» **Captioned web images**
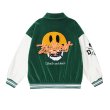 画像3: Alphabet logo & smile embroidery BASEBALL JACKET baseball uniform jacket blouson  ユニセックス 男女兼用アルファベットロゴ&スマイルエンブレムスタジアムジャンパー スタジャン MA-1 ボンバー ジャケット ブルゾン (3)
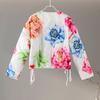 Fashion Floral Printed Jackets Women Elegant O-neck Single Breasted Draw Rope Female Coat Autumn Lady Casual Coats
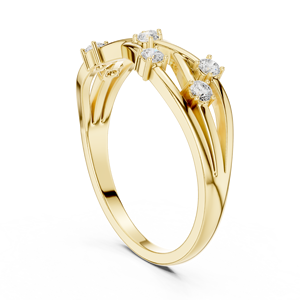 Bague de luxe en or jaune multi-pierres entrecroisées pour femme, bijou de mode ouvert pour mariage et anniversaire, cadeau - Product Image 2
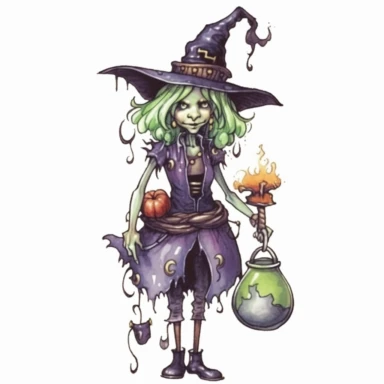 witch holding a potion, full body Clipart, hand draw Illustration clipart, 4K, extremely detailed, isolated on white background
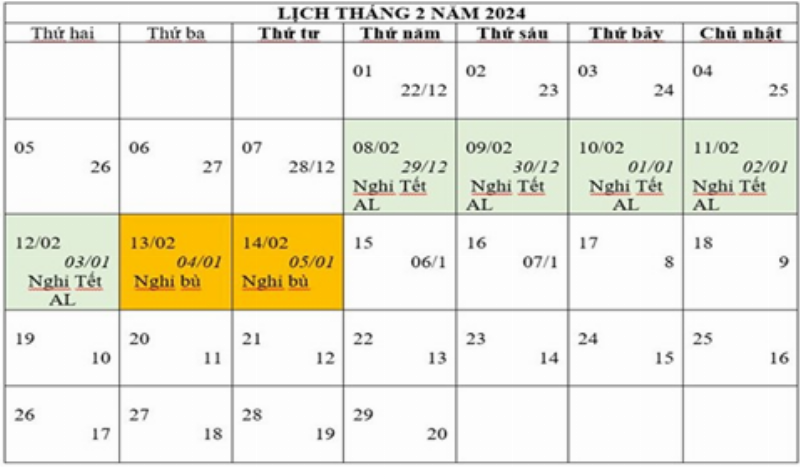 Thông báo chính thức lịch nghỉ Tết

» **Exercise**
Only the lines from the one containing "Bague de luxe" through the final line of the records should be retyped, exactly, with every picture omitted.

» **Response**
 Bague de luxe en or jaune multi-pierres entrecroisées pour femme, bijou de mode ouvert pour mariage et anniversaire, cadeau - Product Image 2
 witch holding a potion, full body Clipart, hand draw Illustration clipart, 4K, extremely detailed, isolated on white background
 Thông báo chính thức lịch nghỉ Tết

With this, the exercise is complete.